The final three for ESA’s upcoming intermediate science mission

The final three for ESA’s upcoming intermediate science mission

Science and exploration


The space science community has narrowed down the shortlist for ESA’s next “medium” mission to three finalists: M. Mattis, the Plasma Observatory, and Theseus. After further study, one will be selected for implementation as the latest addition to ESA’s fleet of space science missions.

Medium (or “M-class”) missions are a key component of ESA’s science program that enables Europe to answer important scientific questions. Solar Orbiter, Euclid and Mars Express are examples of M-class flyby missions, while Plato and Ariel are currently being built for launch in the next six years.

From the Sun to dark matter, ESA’s current M-class missions cover a wide range of space science topics. The newest addition will complete the fleet by highlighting the habitability and evolution of Mars (M-Matisse), exploring the plasma environment around Earth (Plasma Observatory) or studying high-energy, short-lived events across the universe (Theseus).

The process of selecting the intermediate scientific task

In December 2021, ESA called for proposals for the next M-class mission, scheduled to launch in the mid-2030s. From 27 responses, experts inside and outside ESA used rigorous scientific and technical assessments and a peer-review selection process to narrow down the number of proposals in the pipeline. In November 2022, five mission concepts remained.

Between January and September 2023, these five finalists underwent “Phase 0” studies — a mission that explores the expected science that could be achieved with each mission, as well as coming up with a preliminary mission design.

Today, ESA’s Science Program Committee endorsed the decision that three of the five – MATIS, Plasma Observatory, and THESEUS – will enter a more detailed study period (Phase A) to further explore their potential. More information about the scientific objectives of each mission can be found at the end of this article.

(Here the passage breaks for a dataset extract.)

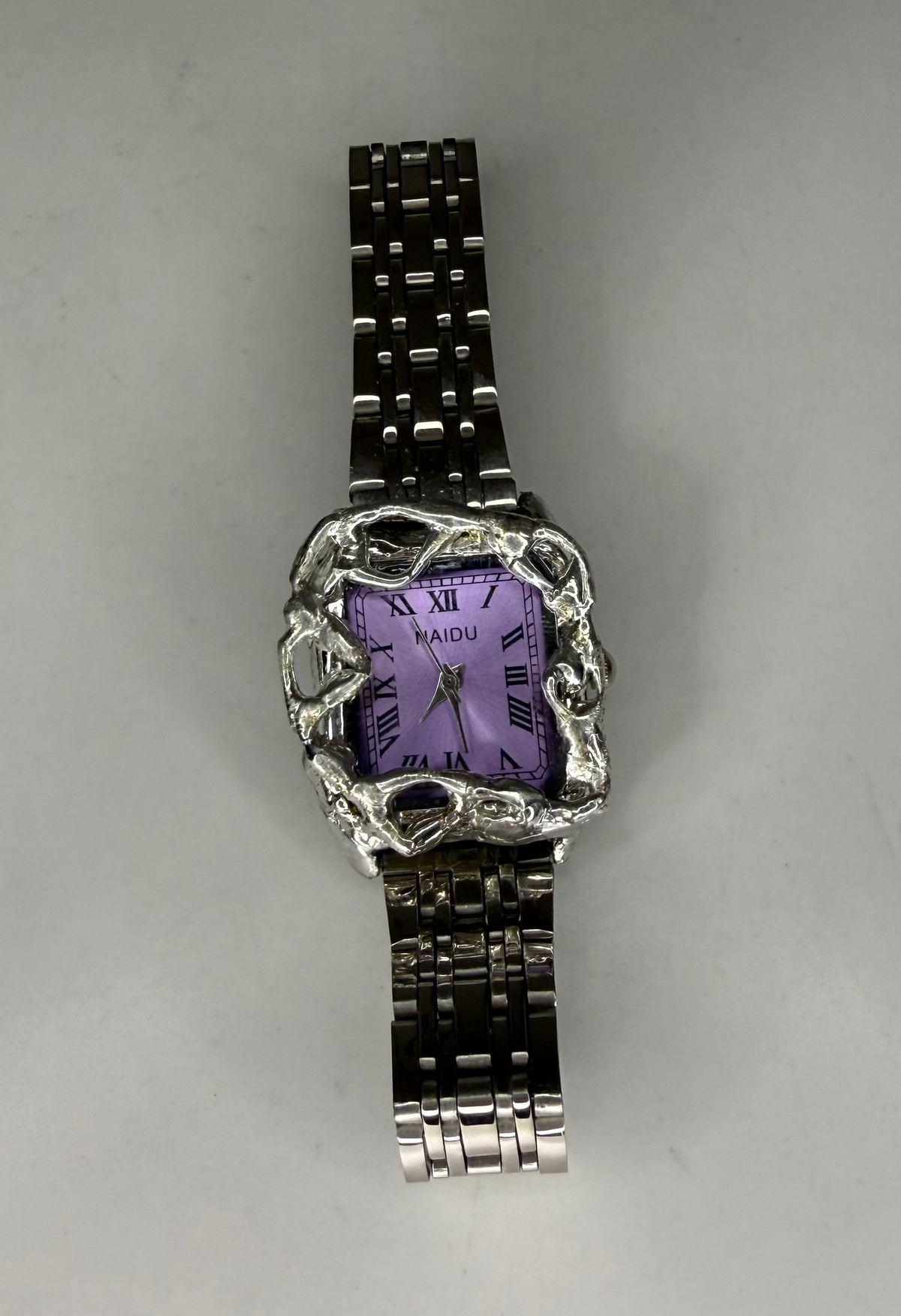 Purple wavy watch – Scorchedvalley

“All five mission proposals that went through Phase 0 were excellent – ​​they addressed unique and exciting topics, and were achievable in the mid-2030s timeframe, so it was really difficult to come to a final decision,” explains Carol, ESA’s director of science. “. Mondale.

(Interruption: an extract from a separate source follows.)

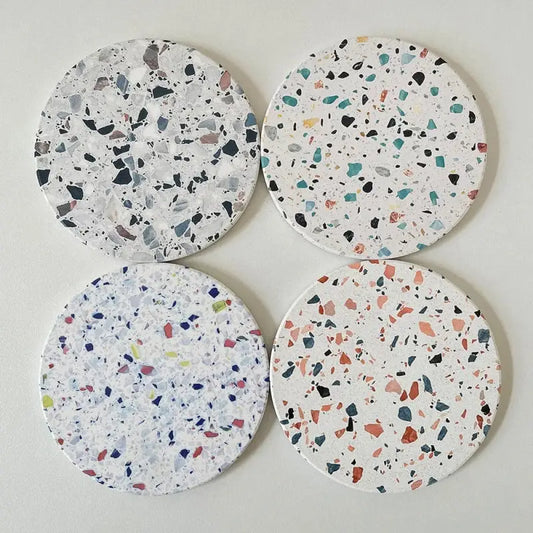 Set of four decorbites diatomite coasters with white terrazzo base and multicolor fragments for dining room use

“We established a panel of experts from ESA member states to review the nominated missions. The reviewers followed a rigorous selection process, which included consideration of scientific value, scientific feasibility, timeliness, and integration with other projects.

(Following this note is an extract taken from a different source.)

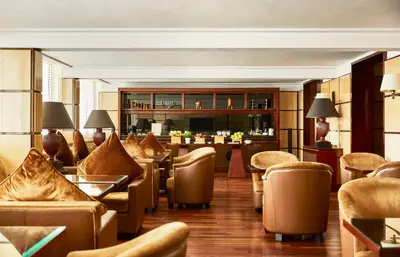 a hotel lobby with couches and a bar at Hyatt Regency Casablanca in Casablanca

Cecilia Hernandez of AEE (Agencia Espacial Española), Spain, and Chair of the Science Program Committee, adds: “We would like to congratulate all five proposals, each of which has shown excellent promise for shedding light on unanswered space science questions. We look forward to the many discoveries they will make.” The chosen final task will achieve it.

During the upcoming Phase A studies, two different airlines will conduct a detailed study of each candidate mission, leading to a more comprehensive design of each mission. It is expected that one candidate mission will be selected by mid-2026.

This mission will eventually form part of ESA’s fleet of science missions, covering a wide range of ambitious space science topics. Whether it’s M-Matisse, Plasma Observatory, or Theseus, he’ll be a valuable addition to the team.

ESA space science missions

M-Matisse You will study Mars using two spacecraft, each carrying an identical set of instruments to observe Mars simultaneously from two different locations in space. In particular, M. Mattes will highlight how the solar wind affects the Martian atmosphere, ionosphere and magnetosphere. The mission aims to study the impact of these interactions on the lower atmosphere and surface of Mars, which is an essential aspect for understanding the habitability of the red planet, as well as the evolution of its atmosphere and climate.

Plasma Observatory It is a seven-spacecraft mission to study the environment of electrically charged particles (called plasma) around Earth. It will focus on two questions: How are particles activated in space plasma? What processes dominate energy transfer and drive interactions between different regions of the Earth’s magnetosphere system? The Plasma Observatory will complement ESA’s current and planned missions investigating the interaction between the Sun and Earth to support our understanding of how the solar wind affects our planet, ultimately helping us keep life and technology safe from its effects.

Theseus It is a multi-instrument mission focused on high-energy, short-lived events in the universe. In particular, Theseus will look at gamma-ray bursts near and far. Nearby, short-lived gamma-ray bursts are likely analogues to gravitational waves from merging neutron stars. Distant, longer-lived gamma-ray bursts would help us understand more about the appearance of the first galaxies in the universe. Overall, Theseus will cover a wide range of sciences, from stellar astrophysics and the effects of stellar activity on exoplanets, to the physics of matter accretion and particle acceleration processes.

A new way to advance the future’s large (L-class) mission: NewAthena

The European Space Agency’s Science Program Committee today also endorsed a modified version of Athena, which was selected as a large mission in 2014. Designed to capture X-ray light to study the hot, vibrant universe, the path forward for the “new Athena” is expected to change. Our knowledge is in almost every corner of modern astrophysics.

ESA and industrial partners have worked hard to come up with a simplified mission design that meets the cost requirements set by the Science Program Committee but nonetheless delivers scientific excellence and ambition in line with what is expected of a pioneering L-class mission.

NewAthena is expected to be certified in 2027, and launch is planned for 2037.